Our gastro recommendations would not be complete without a mention to The Horse in Moretonhampstead. Bringing the city to the countryside, the owners of this popular pub have created the perfect marriage of rustic and chic with a delicious and fresh menu with a modern twist. Another of Dartmoor's dog-friendly pubs!

Garden House Yelverton

Save the Garden House for a sunny day because you will want to spend as much time as possible admiring the beautiful gardens. The ten-acre garden was developed over the course of four decades and is a horticultural work of art. The garden is open from the end of March to October. There is a cafe serving locally produced food, and a plant centre selling plants that have either been propagated in the garden or which come from suppliers chosen for the quality of their plants.

Weekenders' Guide

Essential Guide to Dartmoor National Park
A whirlwind tour!

Dartmoor is crammed with activities that are relaxing, adventurous, unique and memorable. Here are a few which sum up how amazing Dartmoor National Park is.

Go wild swimming at Sharrah Pool

It is not easy to get to this stretch of the Dart as it takes half an hour or more to walk there through some (admittedly lovely) woodland, but working up a sweat makes the swim that much better.

Take to the skies in a hot air balloon

Bovey Castle can arrange a morning or evening flight which is the perfect way to celebrate a special occasion.

Wander through Wistman's Wood

Even if you only have a weekend, make time to walk through Wistman's Wood. The shorter 2.5-mile route starts at the Two Bridges car park and takes you around an ancient forest (said to be where the Devil keeps his Whist hounds) to Druid's Stone. You can either turn back here or continue towards Longaford Tor and Littleford Tors, then back past Crocken Tor to the car park, adding another two miles or so to the route. It showcases Dartmoor's unique natural beauty.

See the Miniature horses

Ponies have lived on Dartmoor for centuries but they are wild and it is not advisable to get close to them. Far friendlier are the residents of the Miniature Pony Centre near Bovey Tracey where you can meet miniature horses and donkeys, shire horses, farm animals like pigs and sheep, and rabbits and guinea pigs. It is an overload of cuteness (you haven't seen cute until you have seen a miniature donkey foal) and a really good way to see happy, friendly animals in a safe environment.

Last Minute Offers in Dartmoor

Thinking of a break in Dartmoor? Let us tempt you with a selection of our best last minute offers. Remember, we don't charge a booking fee, so the price you see is the price you pay.

Did you know?

... there are only around 350 native Dartmoor ponies left grazing wild on the commons.

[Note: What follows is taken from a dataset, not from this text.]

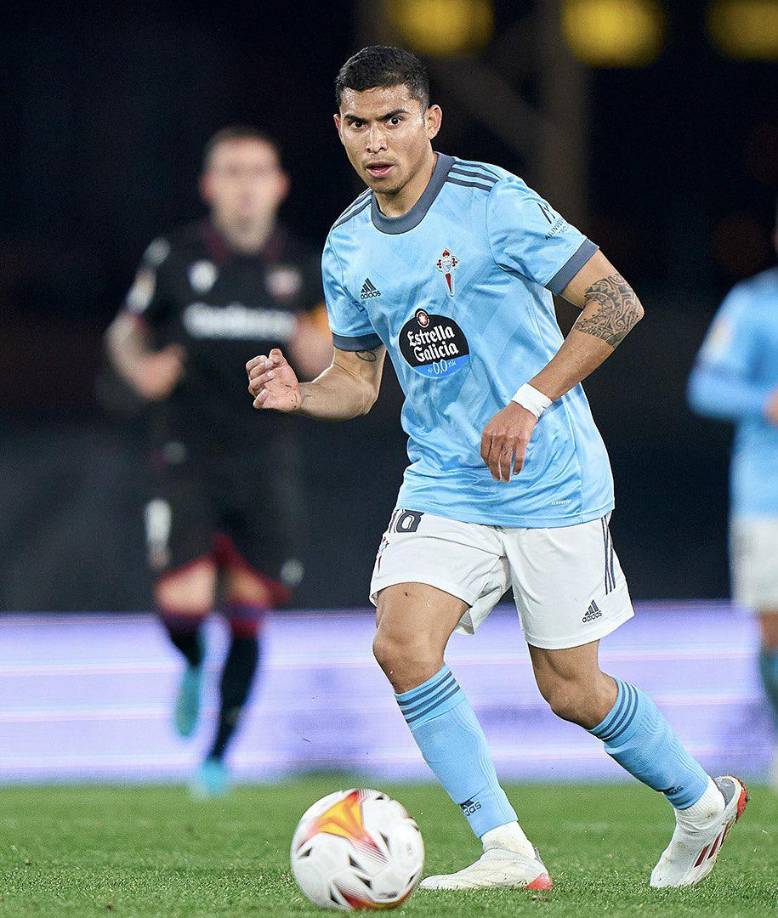 El futbolista mexicano Orbelín Pineda jugará en el AEK Atenas, llega procedente del Celta de Vigo de España.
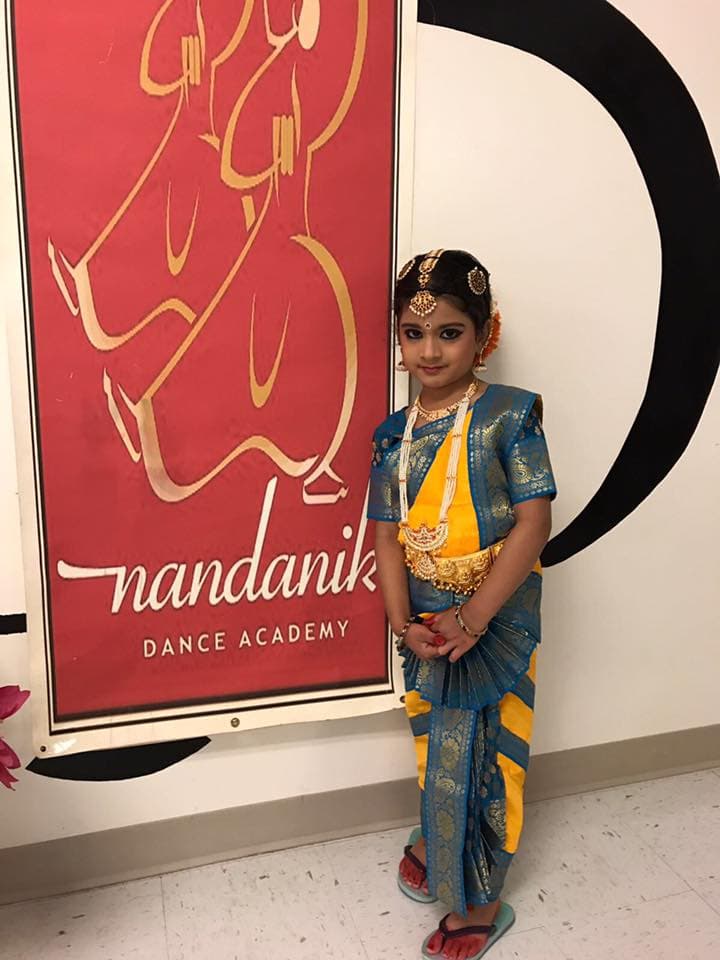 Bridal makeup and mehndi work by Mayuri Kakkad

... the highest tor in the Dartmoor National Park is High Willhays, standing 2,037 feet above sea level.

...Okehampton Castle isn't the only haunted place in Dartmoor. Ghosts of both Roman legionnaires and a Tudor hunting party have been seen on Hunter's Tor, and even the most pragmatic local avoids driving over Hairy Hands Bridge at night.

...Spinster's Rock is the earliest archaeological site in Dartmoor National Park, dating back 6,000 years to the Early Neolithic period.

...Dartmoor was the site of the Quidditch world cup in Harry Potter and the Goblet of Fire (although it was filmed at Beachy Head in Eastbourne).